** Opening DATA FOR THIS TASK block **
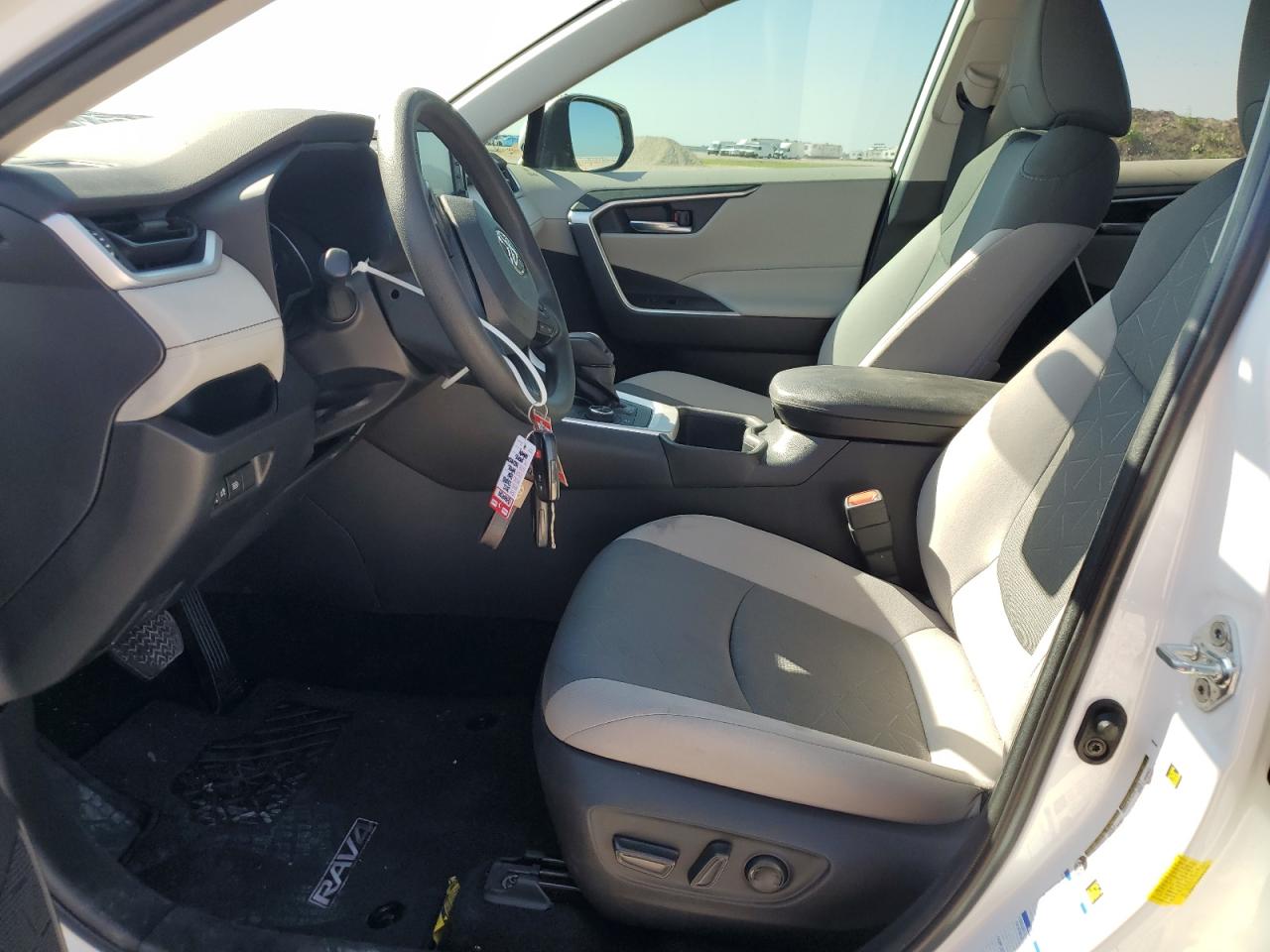 4T3RWRFV3NU063593 2022 Toyota Rav4 Xle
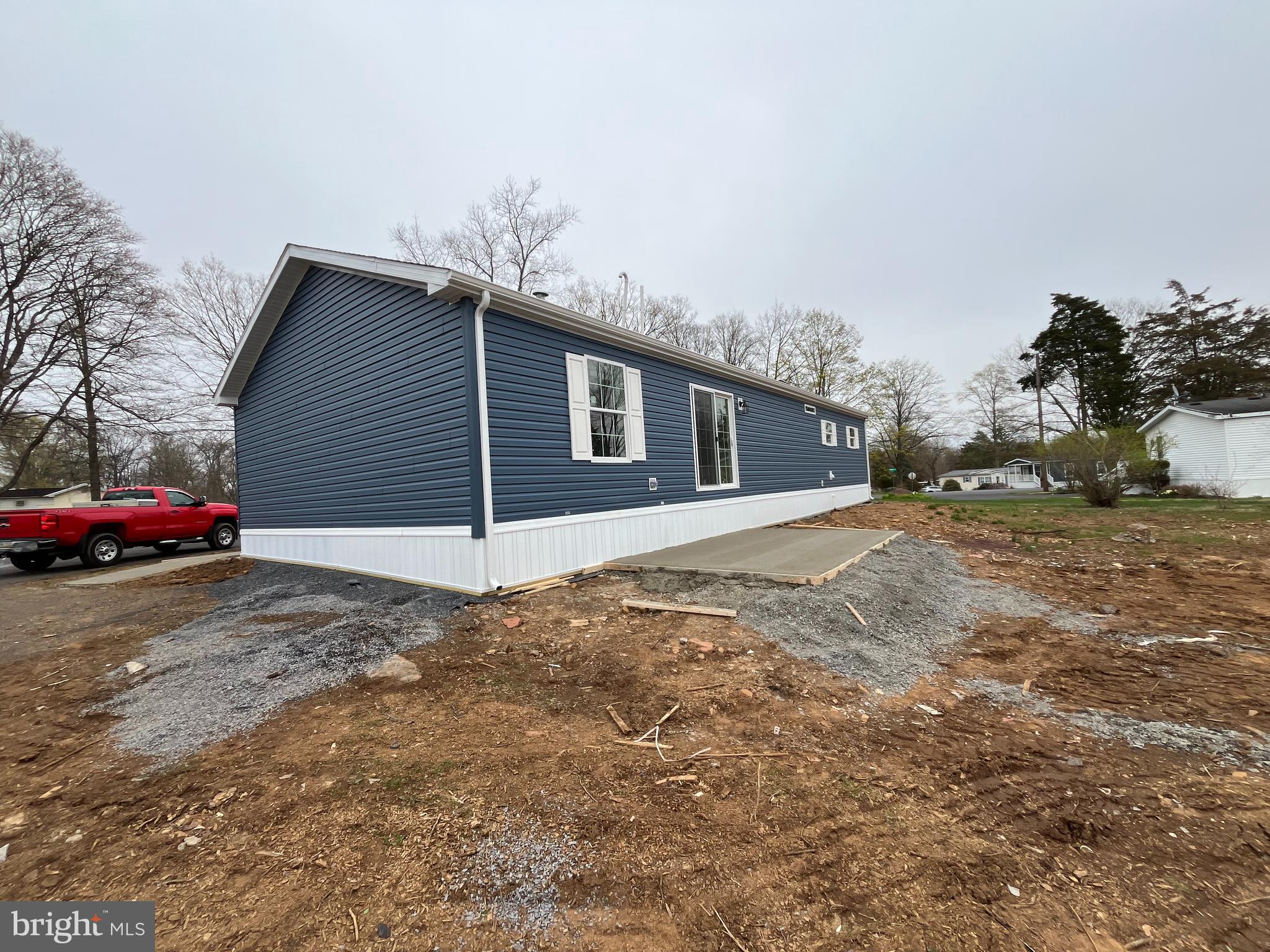 6 SKYVIEW LANE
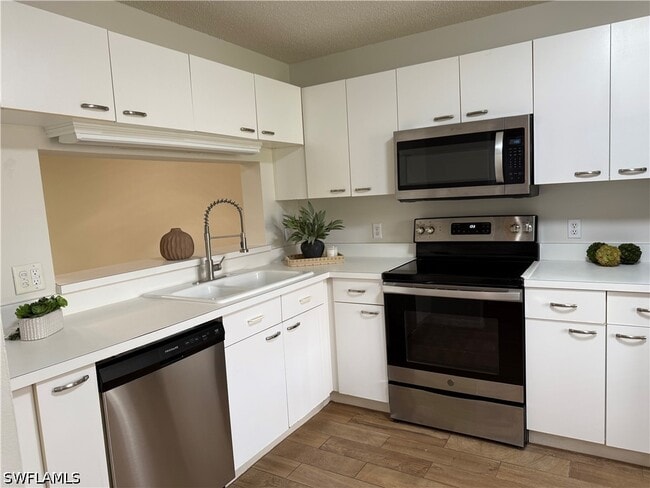 Building Photo - 7750 Jewel Ln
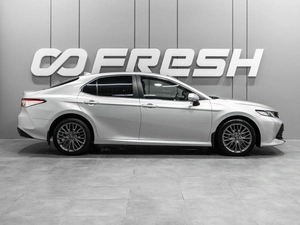 Седан Toyota Camry 2019 года, 2879000 рублей, Тюмень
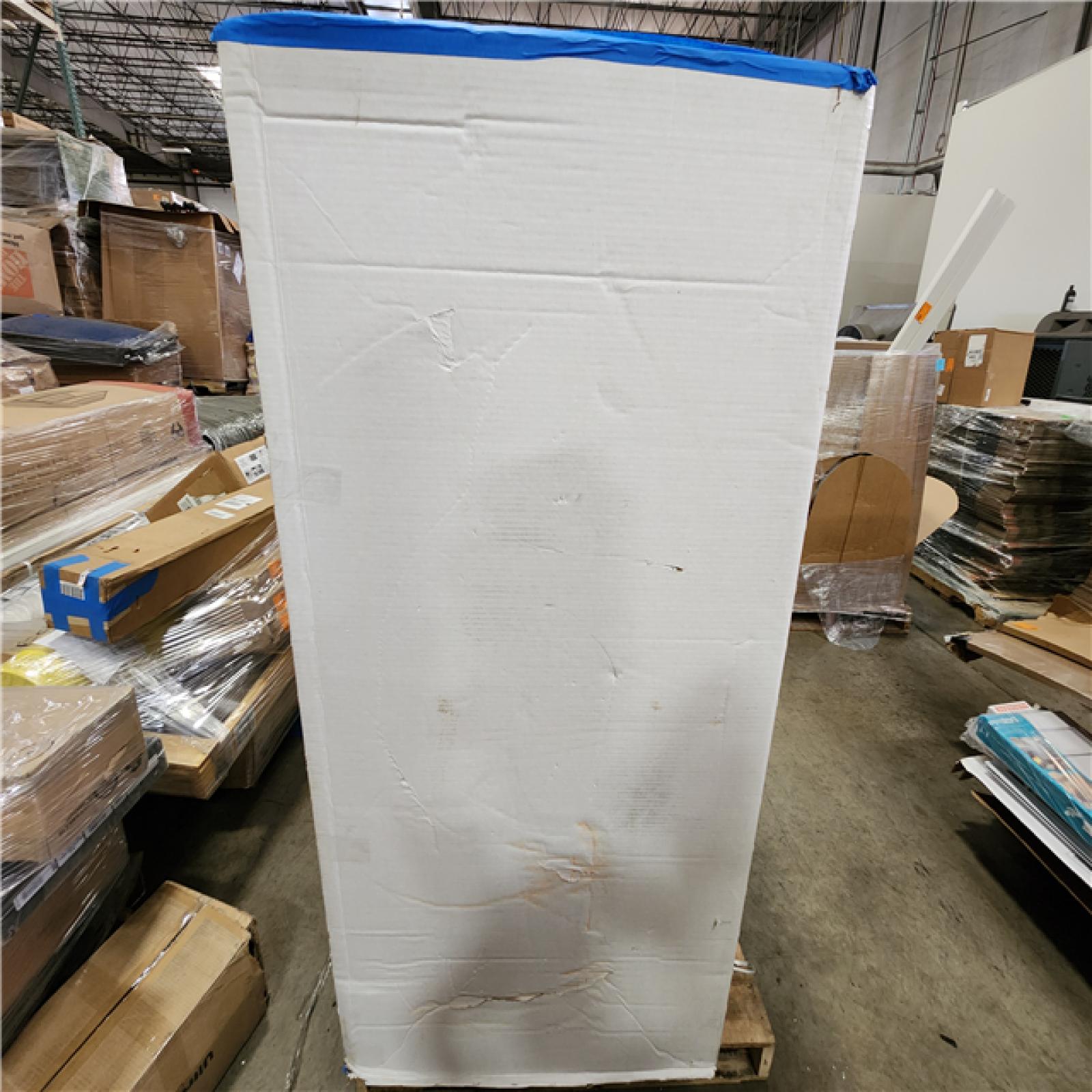 Phoenix AS-IS Mixed Home Improvement Bath Tub Pallet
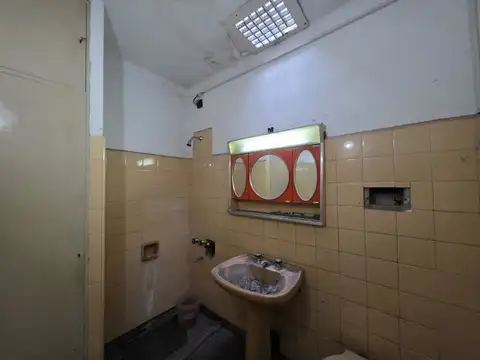 Depto Tipo Casa en Venta 56 años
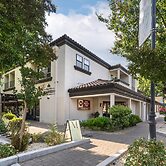 Best Western Plus Palm Court Hotel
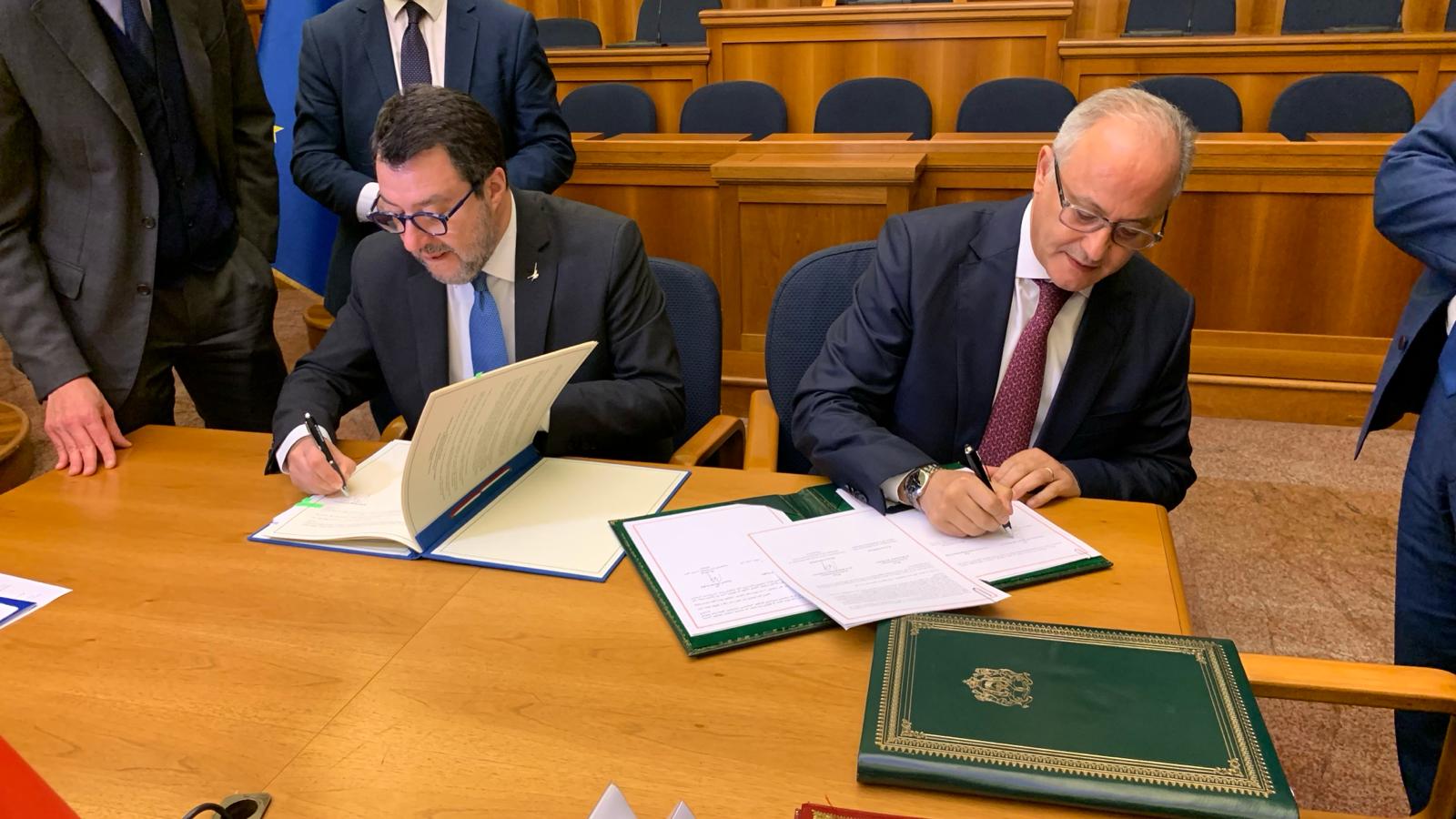 Siglato al Mit dal Ministro Salvini e l'Ambasciatore Balla l'accordo per il riconoscimento delle patenti con il Marocco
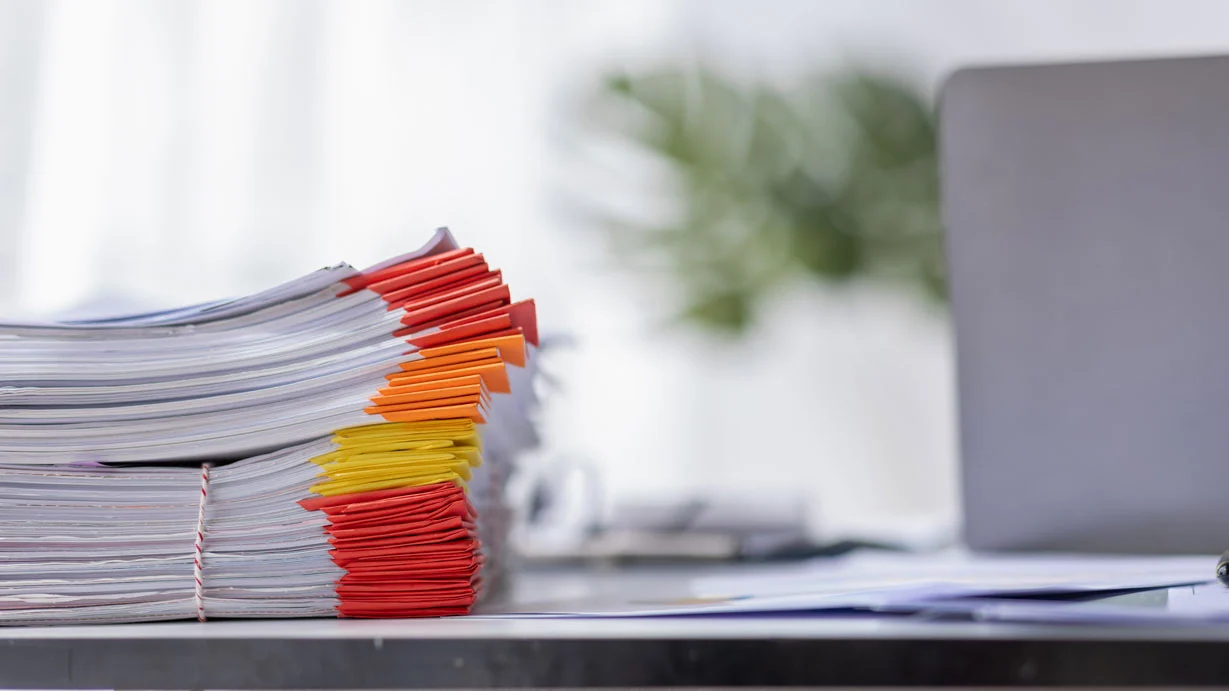 Pile de factures fournisseurs en attente de traitement - dématérialisation établissements scolaires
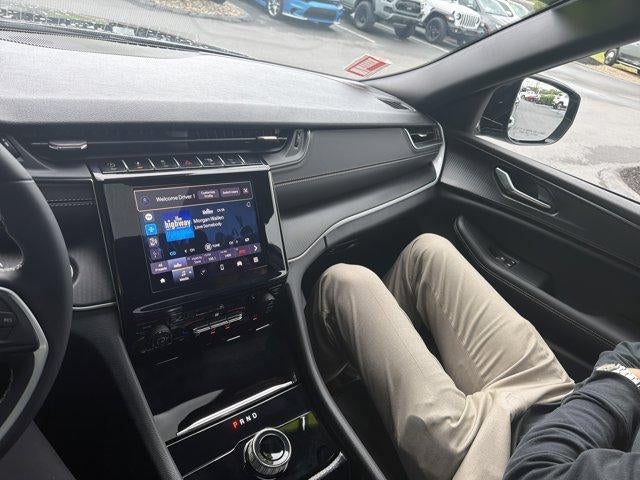 2025 Jeep Grand Cherokee L Altitude X 4x4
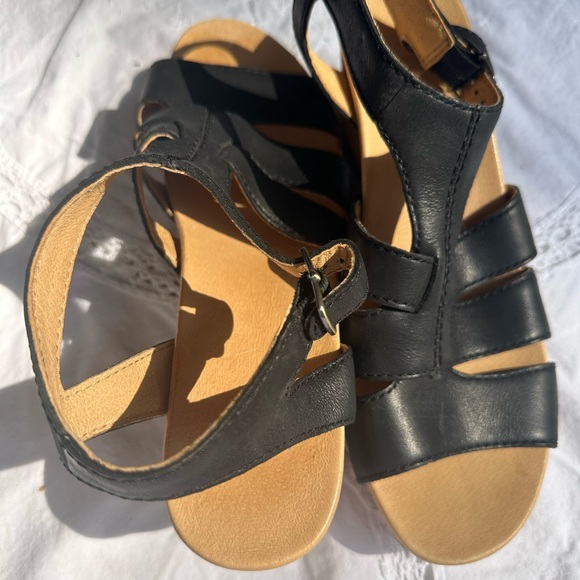 Dansko Trudy Black Waxy Calf Leather Buckle Sandal, size 41, super cute 4 summer - Picture 2 of 15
** Closing DATA FOR THIS TASK block **
* [BRIEF] Restate the records above in full and word for word, but do not carry over any pictures.

* [RESULT OF THIS EXERCISE]
 4T3RWRFV3NU063593 2022 Toyota Rav4 Xle
 6 SKYVIEW LANE
 Building Photo - 7750 Jewel Ln
 Седан Toyota Camry 2019 года, 2879000 рублей, Тюмень
 Phoenix AS-IS Mixed Home Improvement Bath Tub Pallet
 Depto Tipo Casa en Venta 56 años
 Best Western Plus Palm Court Hotel
 Siglato al Mit dal Ministro Salvini e l'Ambasciatore Balla l'accordo per il riconoscimento delle patenti con il Marocco
 Pile de factures fournisseurs en attente de traitement - dématérialisation établissements scolaires
 2025 Jeep Grand Cherokee L Altitude X 4x4
 Dansko Trudy Black Waxy Calf Leather Buckle Sandal, size 41, super cute 4 summer - Picture 2 of 15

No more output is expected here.